Misrepresenting your position on important issues for the sake of duping women into voting for you is LYING
Bob Beauprez, a former Colorado Congressman from the 7th district, is running the be the next governor of CO. On Oct. 22, he went on the record with Colorado Public Radio and stated that as Governor, while he personally is adamantly against abortion is not against a woman’s right to choose. Beauprez also stated:
I think women ought to have the choice of whether to use birth control or not. I think women ought to have the choice of what type of birth control to use. I just don’t think taxpayers need to be paying for it.
While that sounds fair, except the part about cutting birth control from state medicaid programs, the gubernatorial candidate leaves some severely anti-choice past in his wake during his time as a US Representative.
Take his Colorado Right to Life litmus test he answered in 2006:
Beauprez’s record, compared with saying he would respect a woman’s ‘right to choose’, does not add up.
In 2003, Beauprez was given a 100 percent rating by the Christian Coalition (founded in 1989 by Dr. Pat Robertson), meaning he had ALWAYS voted against women’s reproductive rights and remained in line with other religious issues as well. Respectively, that same year, he was given a 0 percent rating by NARAL Pro-Choice America indicating a strong opposition to any women’s choice measures during his time as a congressman.

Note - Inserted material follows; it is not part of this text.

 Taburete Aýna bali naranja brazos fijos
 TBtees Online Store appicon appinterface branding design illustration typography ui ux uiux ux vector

In 2005, Beauprez co-sponsored the controversial Right to Life Bill (H.R. 552), a measure he’s been trying to distance himself from. It seems as though Beauprez suddenly realized that in order to win the extremely tight race he is facing against Democratic Governor re-elect, John Hickenlooper, he needs to find a group to secure a few more votes.

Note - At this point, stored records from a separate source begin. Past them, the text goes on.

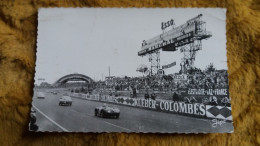 CPSM SPORT AUTOMOBILE AUTO VOITURE LE MANS FORMULE 1 SARTHE KLEBER COLOMBES ESSO TABLEAU D AFFICHAGE VIRAGE TRIBUNES - Le Mans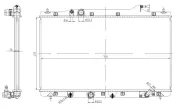 Kühler, Motorkühlung NRF 550040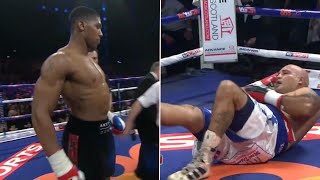 Anthony Joshua England vs Hector Alfredo Avila Argentina  KNOCKOUT Full Fight Highlights [upl. by Nichole332]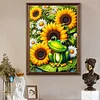 Diamond Painting -DIY Full Round Drill Sunflower Frog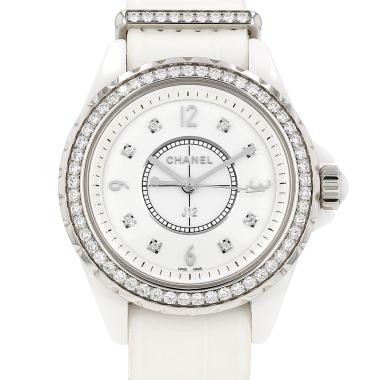 Montre Chanel J12 en céramique et acier Vers 2010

Ladies! Finally looking at you— even though women’s reproductive rights receives zero mention under the “stances” section of his website. The only time the term ‘right to choose’ is mentioned is in reference to privatizing healthcare. Which gives him wiggle-room to flip-flop on the issue.
Even as recently as 2013, Beauprez was still influencing opinion on the matter of abortion, saying in a column on townhall.com:
Consider for a moment, however, that the consequences of Roe [v. Wade] are deeply into the second generation. About 30 million of those aborted children would by now be of child bearing age themselves. New families would have been created resulting in an additional 20 million or more children based on normal demographic statistics.

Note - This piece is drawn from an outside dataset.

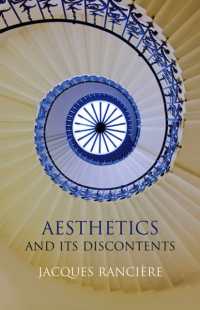 ジャック・ランシエール著／美学とその不満<br>Aesthetics and Its Discontents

So, in just a macro-population sense, the forty years since Roe v. Wade has eliminated a population roughly the size of California, New York, and Florida combined from American society.
Hearing Beauprez bumble on about being a pro-choice leader is definitely looking like a vast exaggeration given his record.
Aside from his poor record for women’s reproductive rights, Beauprez is also a Benghazi nut, wants to impose tougher regulations on the issue of marijuana in his state, is against restricting firearms and will repeal a measure which tightened restrictions on firearms that was signed by Gov. Hickenlooper, as well as wanting to dissolve Common Core curriculum and give teachers more “flexibility” in what they are allowed to teach (undoubtedly trying to pave a path for creationism).